[Stored records]
========
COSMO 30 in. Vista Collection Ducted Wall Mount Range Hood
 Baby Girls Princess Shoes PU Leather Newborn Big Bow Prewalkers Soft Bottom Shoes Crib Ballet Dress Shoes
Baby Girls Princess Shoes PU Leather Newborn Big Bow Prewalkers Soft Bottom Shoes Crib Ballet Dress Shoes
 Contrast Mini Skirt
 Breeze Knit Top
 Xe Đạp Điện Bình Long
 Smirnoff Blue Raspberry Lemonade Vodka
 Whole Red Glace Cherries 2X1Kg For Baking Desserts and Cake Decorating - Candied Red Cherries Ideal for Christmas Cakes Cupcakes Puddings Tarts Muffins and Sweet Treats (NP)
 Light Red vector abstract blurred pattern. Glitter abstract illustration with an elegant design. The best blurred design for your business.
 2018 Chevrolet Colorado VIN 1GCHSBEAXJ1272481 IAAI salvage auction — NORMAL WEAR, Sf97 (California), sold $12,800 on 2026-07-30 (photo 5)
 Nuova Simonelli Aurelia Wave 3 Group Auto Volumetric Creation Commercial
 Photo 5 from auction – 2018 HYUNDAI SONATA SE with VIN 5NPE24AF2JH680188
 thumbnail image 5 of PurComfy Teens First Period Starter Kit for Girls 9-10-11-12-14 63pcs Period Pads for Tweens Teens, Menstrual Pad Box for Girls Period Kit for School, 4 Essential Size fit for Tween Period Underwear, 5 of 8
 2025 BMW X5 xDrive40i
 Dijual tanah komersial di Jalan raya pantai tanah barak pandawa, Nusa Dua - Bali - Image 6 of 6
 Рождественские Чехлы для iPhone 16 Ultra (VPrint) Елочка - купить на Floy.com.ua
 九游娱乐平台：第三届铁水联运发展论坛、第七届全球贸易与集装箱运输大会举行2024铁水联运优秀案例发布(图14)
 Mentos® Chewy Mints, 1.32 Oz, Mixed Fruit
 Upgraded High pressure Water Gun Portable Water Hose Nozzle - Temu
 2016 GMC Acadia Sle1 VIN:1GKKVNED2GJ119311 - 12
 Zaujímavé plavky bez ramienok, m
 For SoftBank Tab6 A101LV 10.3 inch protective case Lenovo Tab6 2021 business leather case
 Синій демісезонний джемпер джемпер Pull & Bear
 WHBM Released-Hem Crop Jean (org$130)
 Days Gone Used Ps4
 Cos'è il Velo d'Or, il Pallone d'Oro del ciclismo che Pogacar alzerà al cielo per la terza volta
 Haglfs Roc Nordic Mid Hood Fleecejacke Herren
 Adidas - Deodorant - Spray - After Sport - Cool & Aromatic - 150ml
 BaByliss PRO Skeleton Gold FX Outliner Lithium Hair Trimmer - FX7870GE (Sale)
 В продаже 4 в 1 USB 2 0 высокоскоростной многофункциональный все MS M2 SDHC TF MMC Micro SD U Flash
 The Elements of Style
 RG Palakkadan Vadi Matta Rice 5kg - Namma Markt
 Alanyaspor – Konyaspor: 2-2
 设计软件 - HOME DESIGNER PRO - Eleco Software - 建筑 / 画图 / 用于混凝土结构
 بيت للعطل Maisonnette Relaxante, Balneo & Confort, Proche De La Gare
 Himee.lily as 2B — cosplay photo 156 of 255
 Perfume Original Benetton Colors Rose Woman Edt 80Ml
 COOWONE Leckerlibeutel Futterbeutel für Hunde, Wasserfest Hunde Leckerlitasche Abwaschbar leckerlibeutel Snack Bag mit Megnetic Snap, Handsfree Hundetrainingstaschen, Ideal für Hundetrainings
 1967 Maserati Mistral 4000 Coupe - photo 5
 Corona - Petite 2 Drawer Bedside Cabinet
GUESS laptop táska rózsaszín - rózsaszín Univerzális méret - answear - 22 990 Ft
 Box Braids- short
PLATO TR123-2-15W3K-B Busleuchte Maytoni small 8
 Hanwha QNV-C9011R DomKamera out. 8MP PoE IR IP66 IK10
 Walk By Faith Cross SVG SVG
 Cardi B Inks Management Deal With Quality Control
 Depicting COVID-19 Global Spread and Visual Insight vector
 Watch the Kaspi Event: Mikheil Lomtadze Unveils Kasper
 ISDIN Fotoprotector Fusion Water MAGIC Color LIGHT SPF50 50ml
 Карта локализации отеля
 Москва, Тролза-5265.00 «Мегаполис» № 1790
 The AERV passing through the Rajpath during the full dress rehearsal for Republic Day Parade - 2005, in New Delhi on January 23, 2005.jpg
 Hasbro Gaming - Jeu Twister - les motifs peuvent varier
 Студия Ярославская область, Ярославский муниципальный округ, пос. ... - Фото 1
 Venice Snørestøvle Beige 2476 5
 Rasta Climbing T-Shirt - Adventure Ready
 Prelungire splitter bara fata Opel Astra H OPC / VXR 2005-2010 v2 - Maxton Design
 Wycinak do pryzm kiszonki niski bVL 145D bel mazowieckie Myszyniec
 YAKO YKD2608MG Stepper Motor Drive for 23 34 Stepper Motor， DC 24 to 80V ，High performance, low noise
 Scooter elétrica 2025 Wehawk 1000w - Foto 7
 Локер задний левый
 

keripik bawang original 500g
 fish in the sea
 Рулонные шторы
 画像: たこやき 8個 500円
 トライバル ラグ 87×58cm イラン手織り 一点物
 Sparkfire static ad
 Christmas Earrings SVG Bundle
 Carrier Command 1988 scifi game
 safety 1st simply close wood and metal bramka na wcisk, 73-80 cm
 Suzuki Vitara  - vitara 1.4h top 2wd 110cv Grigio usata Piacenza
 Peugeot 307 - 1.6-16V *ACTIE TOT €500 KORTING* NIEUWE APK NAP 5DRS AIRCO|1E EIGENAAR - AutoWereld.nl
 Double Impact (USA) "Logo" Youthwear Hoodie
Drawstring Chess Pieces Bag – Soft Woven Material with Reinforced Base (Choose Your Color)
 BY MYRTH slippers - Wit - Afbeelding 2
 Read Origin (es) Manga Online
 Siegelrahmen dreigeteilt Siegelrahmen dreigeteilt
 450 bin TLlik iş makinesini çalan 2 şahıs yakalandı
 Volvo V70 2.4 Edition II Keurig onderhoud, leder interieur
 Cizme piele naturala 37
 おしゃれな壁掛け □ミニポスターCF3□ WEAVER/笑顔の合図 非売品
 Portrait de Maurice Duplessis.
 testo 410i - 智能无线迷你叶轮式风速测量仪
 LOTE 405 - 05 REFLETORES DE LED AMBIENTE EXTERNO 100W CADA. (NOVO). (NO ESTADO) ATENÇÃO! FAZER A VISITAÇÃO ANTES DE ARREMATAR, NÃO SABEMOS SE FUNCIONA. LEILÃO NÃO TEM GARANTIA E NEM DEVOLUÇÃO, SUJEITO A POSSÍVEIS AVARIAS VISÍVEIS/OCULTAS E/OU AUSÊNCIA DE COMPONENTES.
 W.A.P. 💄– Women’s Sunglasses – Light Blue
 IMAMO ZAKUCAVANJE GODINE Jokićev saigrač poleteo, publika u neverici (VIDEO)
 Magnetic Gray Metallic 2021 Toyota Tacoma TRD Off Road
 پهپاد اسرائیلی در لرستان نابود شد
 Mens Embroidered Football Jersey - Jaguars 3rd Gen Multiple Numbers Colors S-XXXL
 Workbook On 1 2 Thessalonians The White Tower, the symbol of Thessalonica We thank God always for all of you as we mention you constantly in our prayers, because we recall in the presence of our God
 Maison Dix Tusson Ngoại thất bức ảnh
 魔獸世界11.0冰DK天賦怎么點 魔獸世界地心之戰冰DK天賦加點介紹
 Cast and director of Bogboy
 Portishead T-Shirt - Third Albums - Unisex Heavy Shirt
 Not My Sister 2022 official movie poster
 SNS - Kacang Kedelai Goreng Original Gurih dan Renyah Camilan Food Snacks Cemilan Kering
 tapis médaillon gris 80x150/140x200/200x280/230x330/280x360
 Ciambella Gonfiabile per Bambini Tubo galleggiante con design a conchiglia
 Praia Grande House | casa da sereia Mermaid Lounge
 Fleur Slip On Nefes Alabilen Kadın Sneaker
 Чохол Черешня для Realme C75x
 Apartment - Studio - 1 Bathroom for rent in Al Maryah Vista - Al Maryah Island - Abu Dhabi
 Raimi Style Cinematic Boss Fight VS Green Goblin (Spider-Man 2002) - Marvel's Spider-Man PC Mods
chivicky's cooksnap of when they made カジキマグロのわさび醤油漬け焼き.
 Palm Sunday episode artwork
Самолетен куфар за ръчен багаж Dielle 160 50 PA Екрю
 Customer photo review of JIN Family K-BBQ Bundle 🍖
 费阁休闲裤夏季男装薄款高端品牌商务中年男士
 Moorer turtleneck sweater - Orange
========
What the task asks »
Copy exactly the line containing "chivicky's cooksnap of" and each line after it through the end of the records above.

Result of the task »
chivicky's cooksnap of when they made カジキマグロのわさび醤油漬け焼き.
 Palm Sunday episode artwork
Самолетен куфар за ръчен багаж Dielle 160 50 PA Екрю
 Customer photo review of JIN Family K-BBQ Bundle 🍖
 费阁休闲裤夏季男装薄款高端品牌商务中年男士
 Moorer turtleneck sweater - Orange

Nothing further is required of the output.